Whine Tasting
Years ago I worked with an elderly male accountant who counted on his head to solve the world’s problems. Our work began when his wife of several decades insisted on a divorce. Over time in our work together, he made the descent from his head to his heart and arrived in a place where he could take on the challenge of marriage once again. He made a comment about his new marriage that has stayed with me all these years later. He said he now counts on his (new) wife’s ‘emotional thermostat’ to bring to light nuances in their relationship he might otherwise miss. He was learning to pay attention when something felt a little ‘off’ to her and know that if they worked things through, they were better off for it. Though he was much more emotionally suave himself, he knew he could easily get caught up in the distractions of life, and he felt her femaleness afforded a certain sensitivity that was necessary to catch the intricacies of their relationship. He felt they benefited greatly from paying close attention. I celebrated with him that, paradoxically, his intuition, his sensitivity, was in tune enough now to make this very logical, rational, wise observation!

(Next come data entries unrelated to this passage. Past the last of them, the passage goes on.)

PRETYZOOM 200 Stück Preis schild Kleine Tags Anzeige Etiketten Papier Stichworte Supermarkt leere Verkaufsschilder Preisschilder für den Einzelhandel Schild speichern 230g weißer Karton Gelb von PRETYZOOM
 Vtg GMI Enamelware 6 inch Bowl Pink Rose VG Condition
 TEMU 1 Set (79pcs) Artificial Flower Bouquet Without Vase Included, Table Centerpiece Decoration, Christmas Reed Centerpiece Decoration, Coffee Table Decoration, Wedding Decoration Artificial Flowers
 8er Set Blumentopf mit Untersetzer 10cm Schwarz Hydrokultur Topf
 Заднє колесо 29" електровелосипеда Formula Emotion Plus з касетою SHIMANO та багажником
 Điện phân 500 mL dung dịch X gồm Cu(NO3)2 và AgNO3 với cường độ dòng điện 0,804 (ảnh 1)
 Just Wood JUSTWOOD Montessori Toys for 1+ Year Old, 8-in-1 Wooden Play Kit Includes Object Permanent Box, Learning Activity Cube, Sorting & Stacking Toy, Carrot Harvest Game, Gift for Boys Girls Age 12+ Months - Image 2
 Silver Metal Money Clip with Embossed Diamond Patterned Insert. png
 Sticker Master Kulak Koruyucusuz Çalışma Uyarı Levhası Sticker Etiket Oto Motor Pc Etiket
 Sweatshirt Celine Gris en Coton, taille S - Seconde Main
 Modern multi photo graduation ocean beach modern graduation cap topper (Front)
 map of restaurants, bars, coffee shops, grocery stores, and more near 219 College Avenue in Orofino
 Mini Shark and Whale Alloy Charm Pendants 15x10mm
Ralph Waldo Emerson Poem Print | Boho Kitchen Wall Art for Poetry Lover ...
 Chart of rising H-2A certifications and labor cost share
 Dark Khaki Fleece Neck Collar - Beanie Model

Other the years, I have worked with many spouses who come to treatment because they know thing have gotten ‘off-kilter’ in their marriage, but the last thing they want to be is a ‘whiner,’ a ‘complainer,’ or a ‘nag.’ The longer things feel off to them, however, the more they find themselves becoming all three.
One of the first agenda items we attend to in our work is to validate the fact that their sense of the ‘off-ness’ of their marriage is accurate. We need to take their dystonic feeling very seriously – before dire consequences show up in the marriage. Unfortunately, often things have gotten so bad, and resentment so high, the repair needed is dramatic and challenging.
It is so important to keep a finger-on-the-pulse of the emotional health of a relationship. It is so easy to get caught up in life requirements – our work, our children, our projects, our social life. Patterns can easily materialize without conscious awareness. Communication, sexuality, and playfulness can be replaced with responsibilities, obligations, and resentment. We may not even know to notice – particularly if we are raised in families where the marriage got away from our parents. It may not strike us as problematic to not communicate, to not be sexual, not have fun with each other, if that was the model we grew up with.
As a trained, objective, outsider to the relationship, I have the role of being the one to say, “Yes, you are absolutely right – something is very off here.” I know the basic requirements to look for. I can offer ways to begin addressing the ‘off-ness’ without going to a place of blaming or shaming – keeping the goal in mind of desiring and working toward a healthy, mutually satisfying partnership.
Marriage NEVER works well if one of both members of a couple harbor resentment. Taking one another seriously and keeping the relationship clean, clear, and very low-to-absent on the resentment scale is absolutely imperative. It is the only guaranteed method to ‘affair-proof’ a relationship, and to avoid the ongoing drudgery of a dismal marriage or the distress and trauma of a divorce.
So let’s take our ‘whine tasting’ seriously and clink our glasses to relationships that feel regenerative, supportive, facilitating, fun, sexual, and satisfying. How about a little something that is smooth, robust, with a touch of oak and fruitiness?